(Recorded information Opens)
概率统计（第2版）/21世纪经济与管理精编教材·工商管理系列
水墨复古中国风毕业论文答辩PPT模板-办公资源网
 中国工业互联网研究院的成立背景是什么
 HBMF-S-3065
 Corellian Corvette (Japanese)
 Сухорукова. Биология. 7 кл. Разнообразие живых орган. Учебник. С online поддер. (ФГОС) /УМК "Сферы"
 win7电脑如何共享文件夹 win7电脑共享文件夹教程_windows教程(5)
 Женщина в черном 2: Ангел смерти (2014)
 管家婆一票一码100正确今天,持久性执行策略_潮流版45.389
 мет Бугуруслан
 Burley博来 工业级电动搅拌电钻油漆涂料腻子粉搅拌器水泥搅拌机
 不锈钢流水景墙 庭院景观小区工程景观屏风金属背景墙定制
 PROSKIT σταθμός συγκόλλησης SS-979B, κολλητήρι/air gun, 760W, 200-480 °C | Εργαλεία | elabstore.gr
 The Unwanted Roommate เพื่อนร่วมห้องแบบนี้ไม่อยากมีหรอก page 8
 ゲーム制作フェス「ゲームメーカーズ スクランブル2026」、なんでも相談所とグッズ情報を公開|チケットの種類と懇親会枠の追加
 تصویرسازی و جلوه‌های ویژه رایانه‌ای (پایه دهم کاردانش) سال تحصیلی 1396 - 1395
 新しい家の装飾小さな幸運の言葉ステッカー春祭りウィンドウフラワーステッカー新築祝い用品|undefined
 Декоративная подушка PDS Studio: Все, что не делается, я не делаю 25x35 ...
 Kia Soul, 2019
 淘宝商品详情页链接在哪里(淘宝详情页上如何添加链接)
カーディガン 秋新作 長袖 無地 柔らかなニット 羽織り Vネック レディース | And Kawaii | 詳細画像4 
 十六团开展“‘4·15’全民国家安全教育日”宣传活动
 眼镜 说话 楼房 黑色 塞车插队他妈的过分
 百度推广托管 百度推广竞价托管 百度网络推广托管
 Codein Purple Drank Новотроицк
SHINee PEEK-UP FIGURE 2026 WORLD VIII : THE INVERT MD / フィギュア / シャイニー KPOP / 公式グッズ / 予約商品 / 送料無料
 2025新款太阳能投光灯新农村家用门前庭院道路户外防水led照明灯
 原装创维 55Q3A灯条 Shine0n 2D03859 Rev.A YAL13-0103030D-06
(Recorded information Closes)
### Work order
Using the records above, repeat exactly the lines from the first one through the line with "Burley博来 工业级电动搅拌电钻油漆涂料腻子粉搅拌器水泥搅拌机".

### Your solution
概率统计（第2版）/21世纪经济与管理精编教材·工商管理系列
水墨复古中国风毕业论文答辩PPT模板-办公资源网
 中国工业互联网研究院的成立背景是什么
 HBMF-S-3065
 Corellian Corvette (Japanese)
 Сухорукова. Биология. 7 кл. Разнообразие живых орган. Учебник. С online поддер. (ФГОС) /УМК "Сферы"
 win7电脑如何共享文件夹 win7电脑共享文件夹教程_windows教程(5)
 Женщина в черном 2: Ангел смерти (2014)
 管家婆一票一码100正确今天,持久性执行策略_潮流版45.389
 мет Бугуруслан
 Burley博来 工业级电动搅拌电钻油漆涂料腻子粉搅拌器水泥搅拌机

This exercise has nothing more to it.